Italian eatery in Everett gets two big thumbs up
Published 9:00 pm Thursday, August 10, 2006
EVERETT – Less than a month ago, Ciao! Ragazzi Ristorante Italiano opened in a historic building on Hewitt Avenue. Previously, the restaurant served Indian cuisine and that restaurant’s signs are still in place. We were a bit confused but we eventually spotted the new signs and menu posted on the storefront windows.
Ciao! Ragazzi owners left the brick walls exposed, giving the dining area an old-world feel. The tables, chairs and booths are utilitarian, but white linen tablecloths and tiny table lights add a touch of elegance.

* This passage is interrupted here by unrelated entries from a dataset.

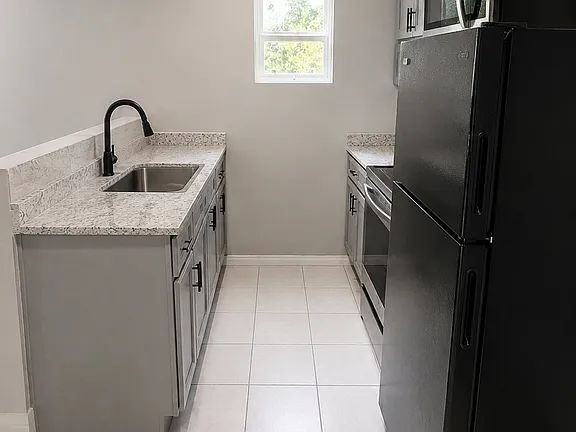 1679 Road 5601 - Photo 2 of 4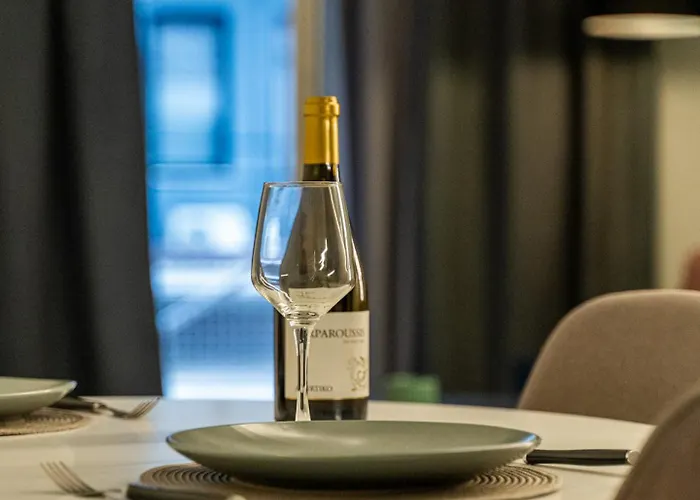 Nueve / There's No Place Like Apartamento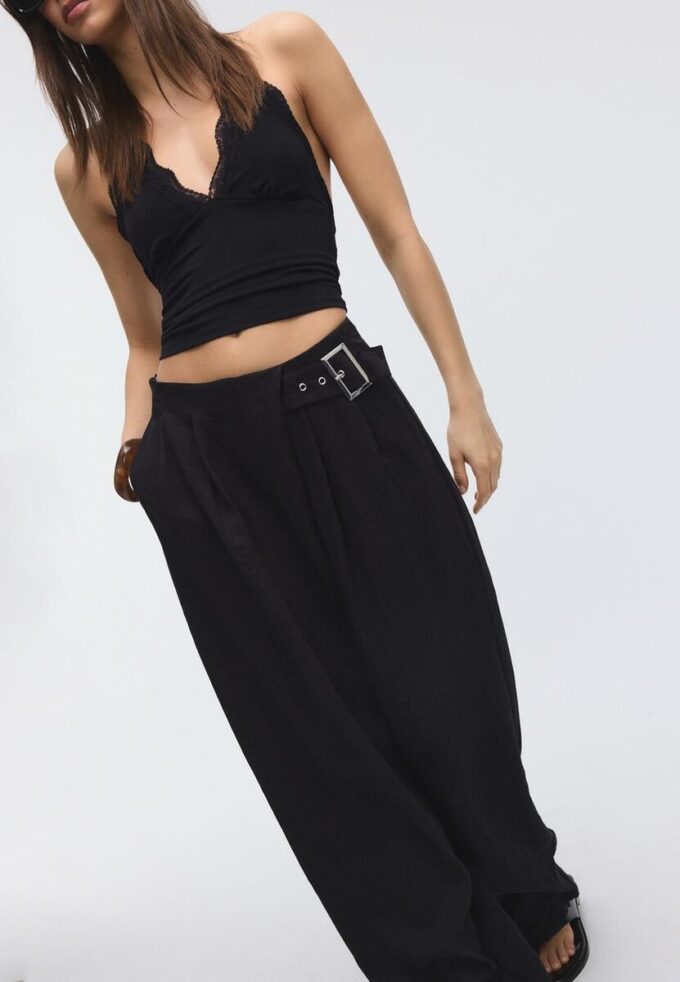 Velløpende bukser med spenne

The utilitarian theme continues with the wine list and dessert menus. They’re simple lists printed with black ink on standard copy paper. The wine list offers two white and seven red wines, ranging from $22 to $30 with one at $65. Some would say there aren’t enough choices. But the nine choices are excellent and are from Italy – where wine is made to go with food.
The dinner menu is also brief. A few appetizers, salads, pizzas, pasta dishes and couple of veal or chicken choices compose the entree list. Our favorites are there, such as ravioli and linguini topped with a combination of seafood. The sauces are the traditional tomato- and cream-based ones.
For our dinner, my dining companion ordered the chicken cacciatore ($14.95), and I selected the ravioli crema ($13.50), and we added a glass of wine ($6.50 each).
The pasta is house-made at Ciao! Ragazzi, and if you haven’t had fresh pasta, it’s time for this taste treat. The lasagna is made with fresh egg pasta sheets; then baked with Bolognese, fresh basil, mozzarella cheese and topped with bechamel. My ravioli was a combination of fresh pasta and a house-made stuffing of ricotta, parmesan and assiago cheeses. The ravioli were served in a cream sauce with fresh spinach and mushrooms. Every bite was a fresh and delicious treat.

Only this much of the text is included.